* PROBLEM TO WORK ON
What is needed is a word-for-word copy of the lines below from the one with "A subtle line" through the one with "A blonde woman", both included, with every picture left out.

* WORKING DATA
——

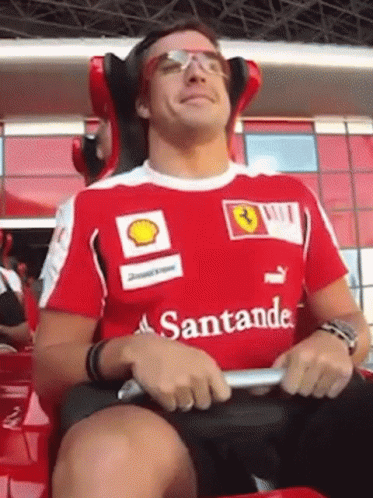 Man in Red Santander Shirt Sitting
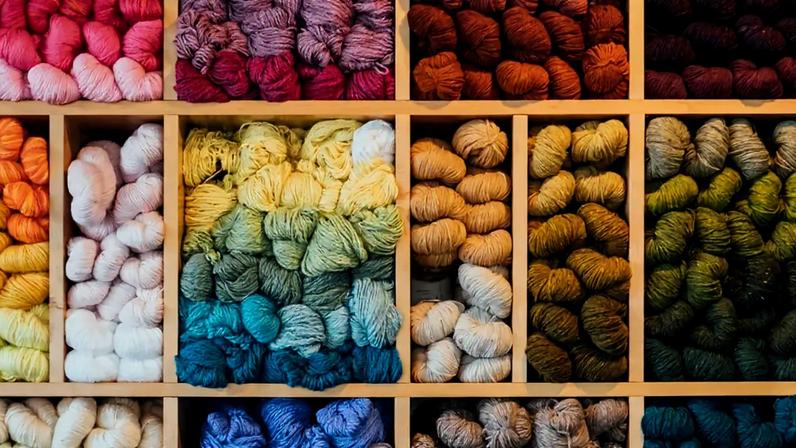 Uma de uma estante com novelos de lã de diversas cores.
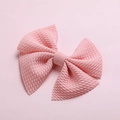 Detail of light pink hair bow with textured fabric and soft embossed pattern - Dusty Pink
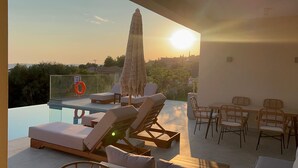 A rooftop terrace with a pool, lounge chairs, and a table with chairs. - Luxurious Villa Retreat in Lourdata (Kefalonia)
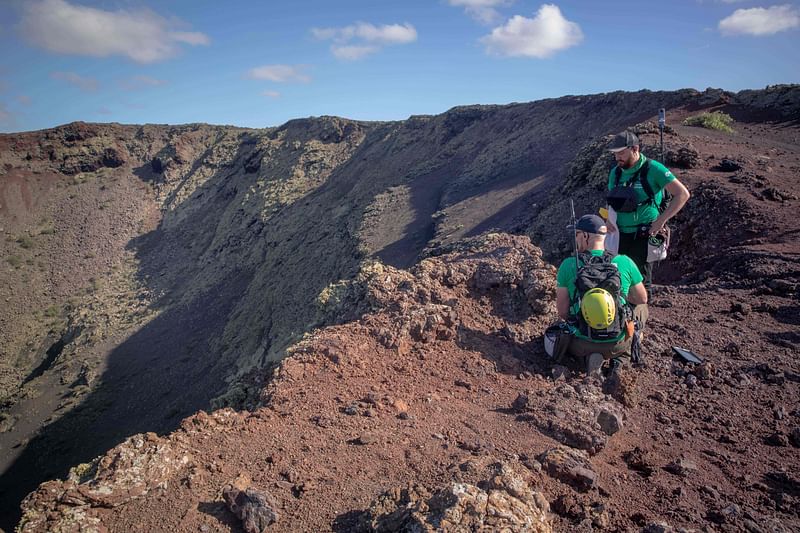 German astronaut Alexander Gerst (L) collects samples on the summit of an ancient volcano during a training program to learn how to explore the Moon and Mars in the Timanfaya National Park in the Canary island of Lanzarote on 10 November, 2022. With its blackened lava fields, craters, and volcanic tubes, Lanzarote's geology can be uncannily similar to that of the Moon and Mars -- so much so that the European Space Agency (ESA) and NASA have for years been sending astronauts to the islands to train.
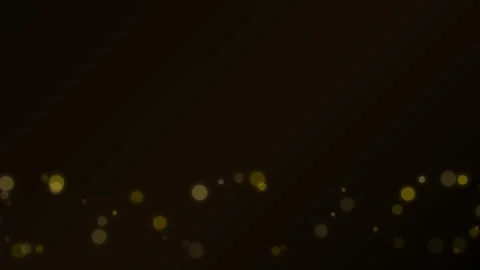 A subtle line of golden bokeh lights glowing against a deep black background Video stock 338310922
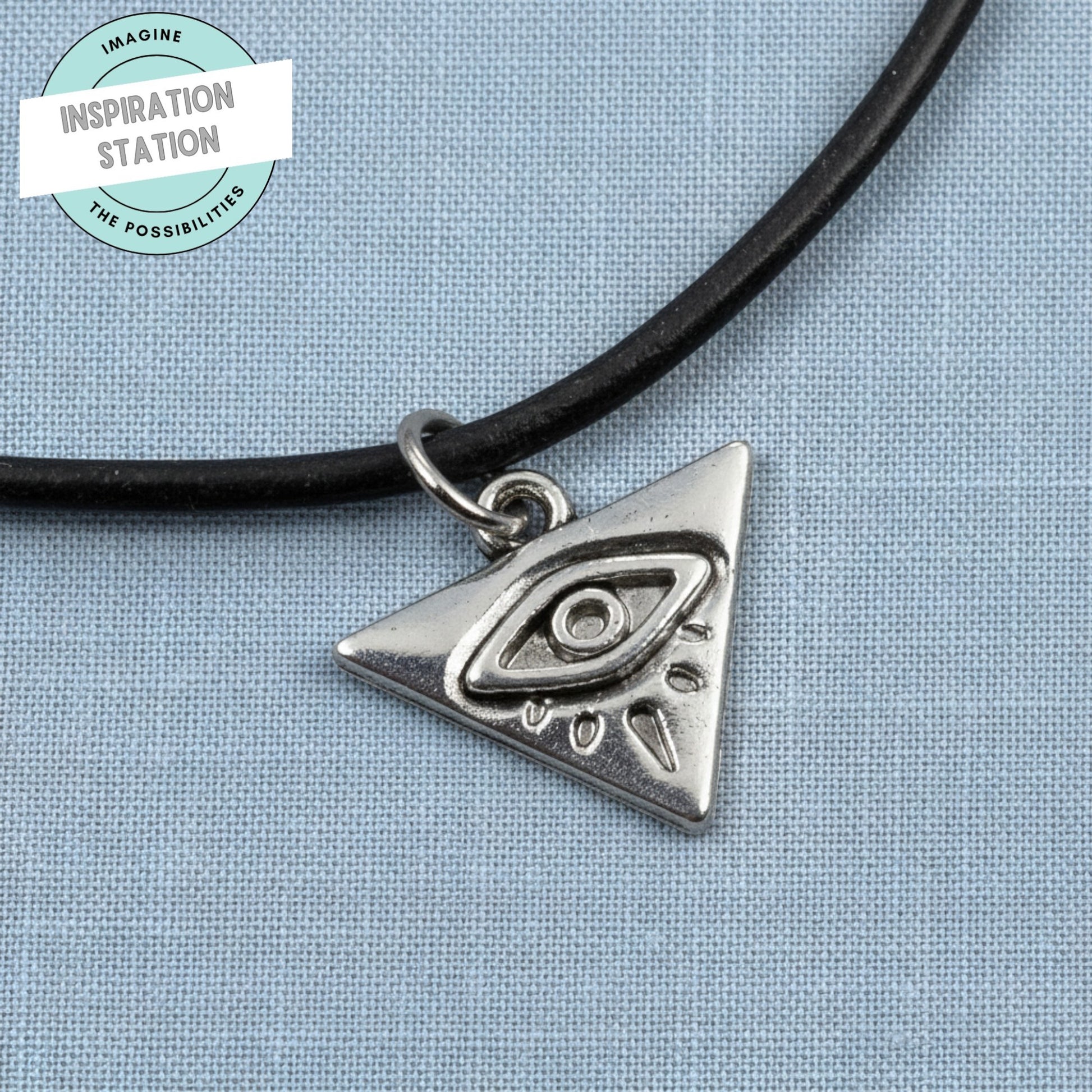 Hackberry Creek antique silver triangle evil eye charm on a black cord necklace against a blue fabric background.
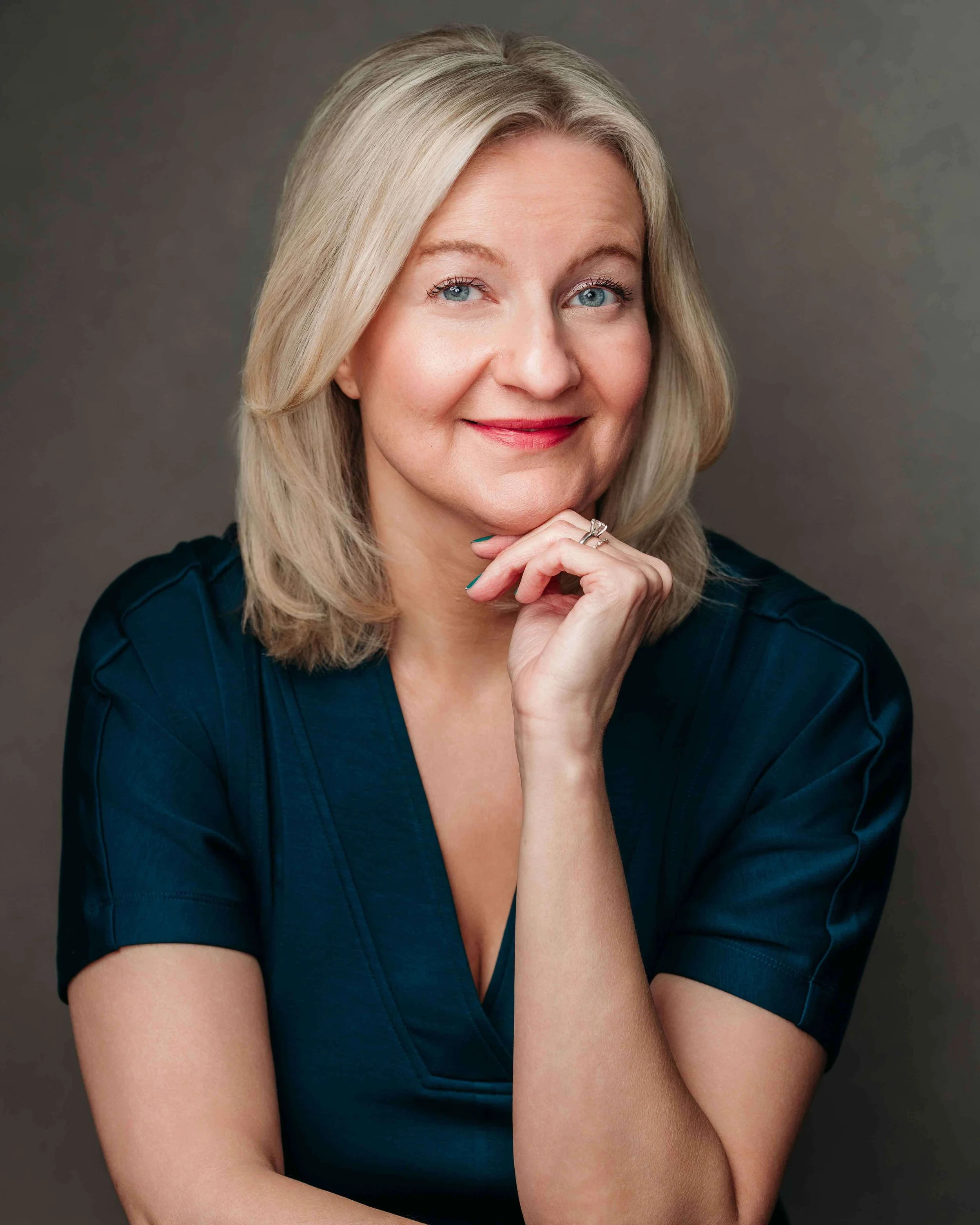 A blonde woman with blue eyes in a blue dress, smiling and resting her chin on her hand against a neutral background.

——

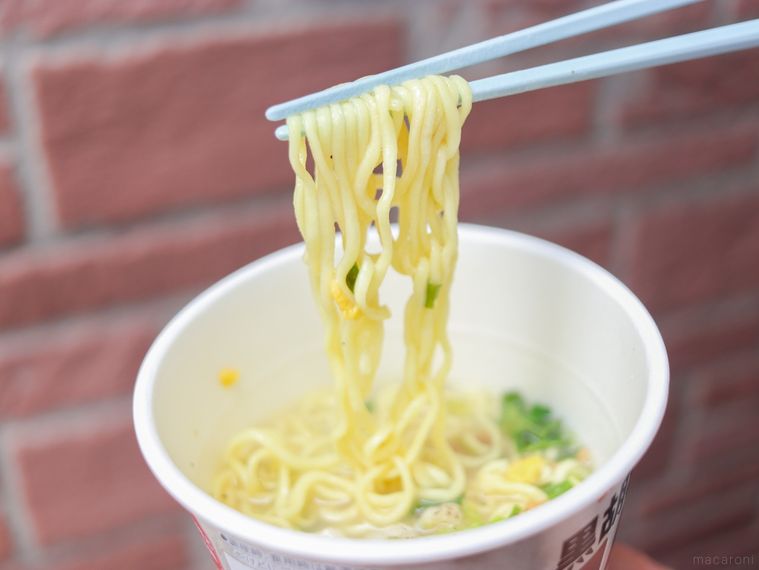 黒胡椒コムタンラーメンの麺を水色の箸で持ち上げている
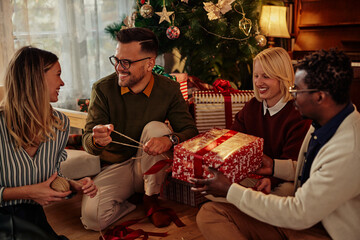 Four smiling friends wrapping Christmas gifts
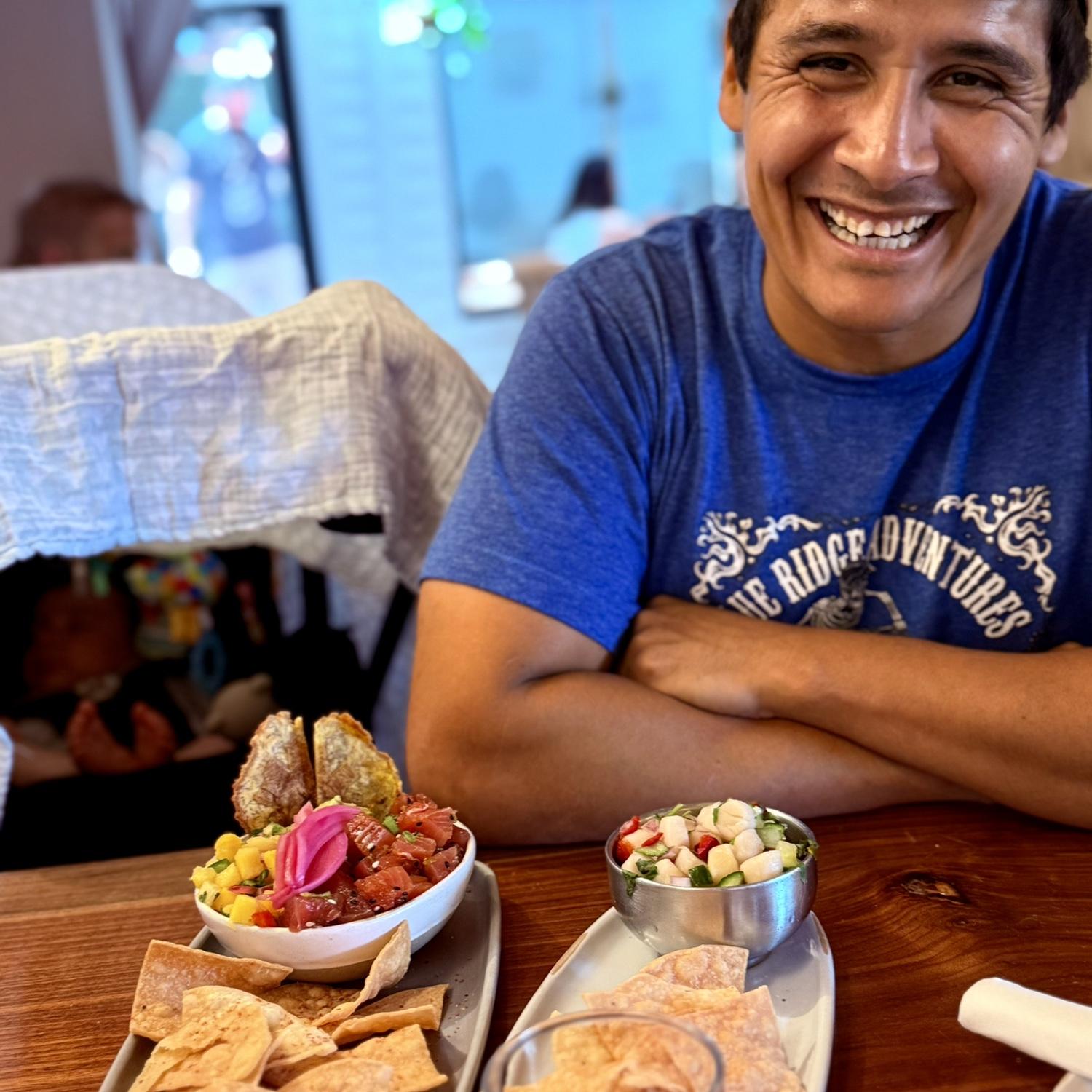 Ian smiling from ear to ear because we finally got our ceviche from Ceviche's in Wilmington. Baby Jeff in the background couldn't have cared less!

——

* RESPONSE TO THE TASK
 A subtle line of golden bokeh lights glowing against a deep black background Video stock 338310922
 Hackberry Creek antique silver triangle evil eye charm on a black cord necklace against a blue fabric background.
 A blonde woman with blue eyes in a blue dress, smiling and resting her chin on her hand against a neutral background.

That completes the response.